Une conférence sur l’islam que le président du conseil départemental replace dans un contexte mondial agité : « Nous devons marteler 3 distinctions. D’abord, l’islam de Mayotte n’a rien à voir avec l’Etat Islamique, Daesh, Boko Haram ou Al-Qaïda. Ensuite, notre islam sunnite, suit des rites chaféites, qui s’enrichit de soufisme, comme le montrent nos fêtes de fin de semaine Dahira Chadhouli, etc. Enfin, nous avons besoin d’un outil de lutte contre la délinquance et les incivilités pour viser la cohésion sociale. »
Traduction du Coran en outil de cohésion sociale
A travers cette conférence, le président du Département vise donc une professionnalisation des cadis : « Ils ont besoin d’être appuyés dans leur travail de médiation sociale, tout comme les maîtres coraniques ou les professeurs des madrassas. » A partir des actes rédigés à l’issue du colloque, des groupes de travail seront constitués avec tous ces intervenants, « pour mettre en place des outils pédagogiques et scientifiques. Les cadis seront ainsi mieux armés pour assurer leur rôle de médiation. »`
Il s’agit aussi d’accompagner financièrement et intellectuellement la création des édifices d’enseignement pour la formation de ces acteurs.
Et pour Bajrafil Mohamed-Soyir, il s’agit aussi de ne pas dépendre d’avis juridique arrivant en droite ligne d’Arabie Saoudite, “nous devons emmagasiner des connaissances. Il est écrit ‘Celui qui rend des avis juridiques sur la base de ce qui est rendu dans les livres, est un criminel’, dans le sens où il n’a pas tenu compte de la société à qui il est destiné”.
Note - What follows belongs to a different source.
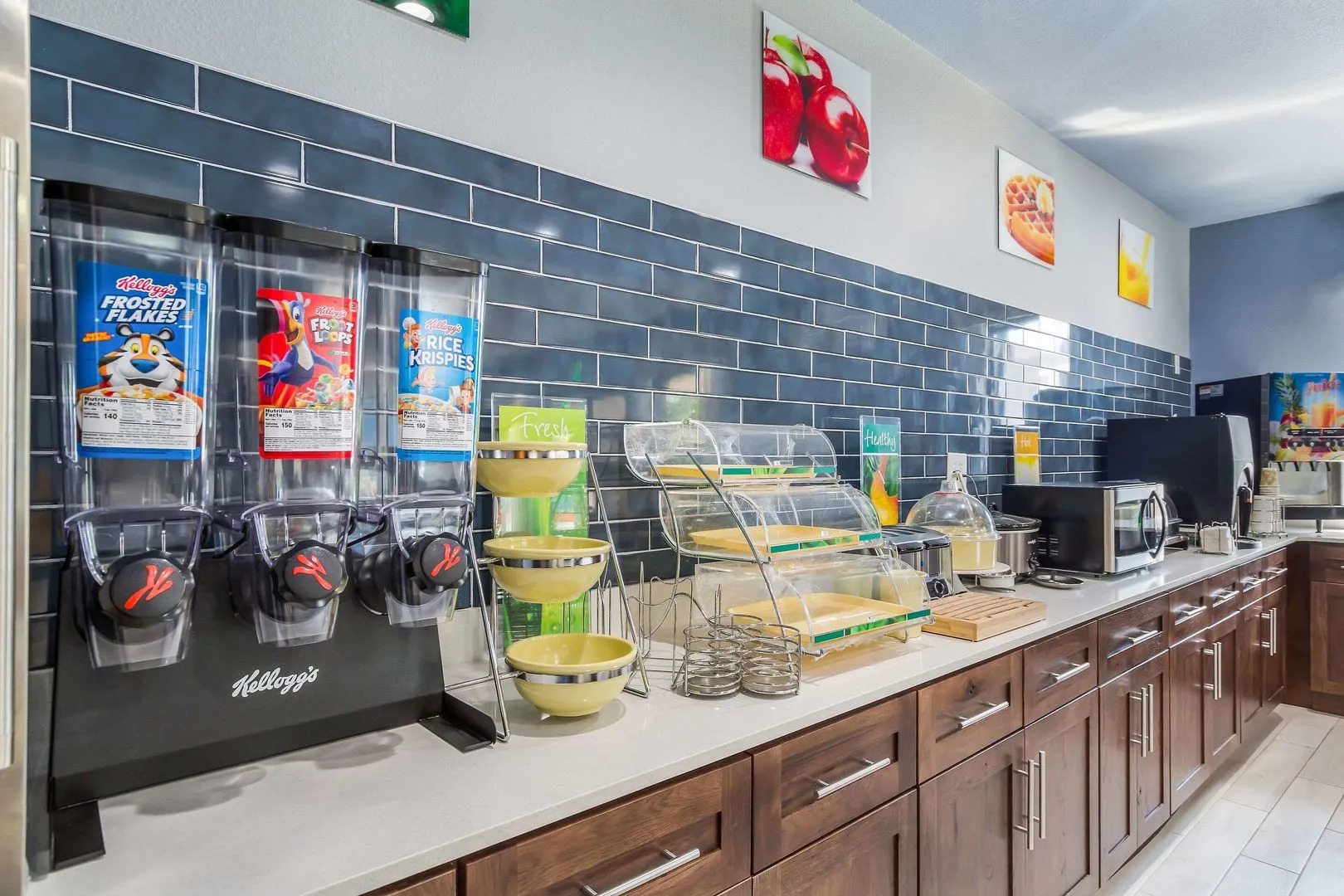 Quality Inn & Suites Suffolk West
La conférence s’étale sur 2 jours. Ce samedi de 8h à 16h, la 1ère table ronde se tiendra au SMIAM (face à la mairie de Mamoudzou) et portera sur « La singularité de l’islam de Mayotte », avec 3 sous-thèmes : « L’islam et sa pratique à Mayotte, qu’est ce qui pose problème ? », « L’islam et le soufisme comme outil de cohésion sociale : dahira, moulidi, shengué, débaa », et « Le rôle des cadis dans la société mahoraise, hier et aujourd’hui ».
« Les limites de l’enseignement traditionnel de l’islam »
La 2ème se tiendra à la mairie de Mamoudzou, et portera sur « La place de l’islam dans la République et à Mayotte », avec 2 sous-thèmes, « Quels financements pour les lieux de culte et d’enseignements (madrasa et mosquées) à Mayotte ?, et « Fait religieux et laïcité à Mayotte : contexte historique et social).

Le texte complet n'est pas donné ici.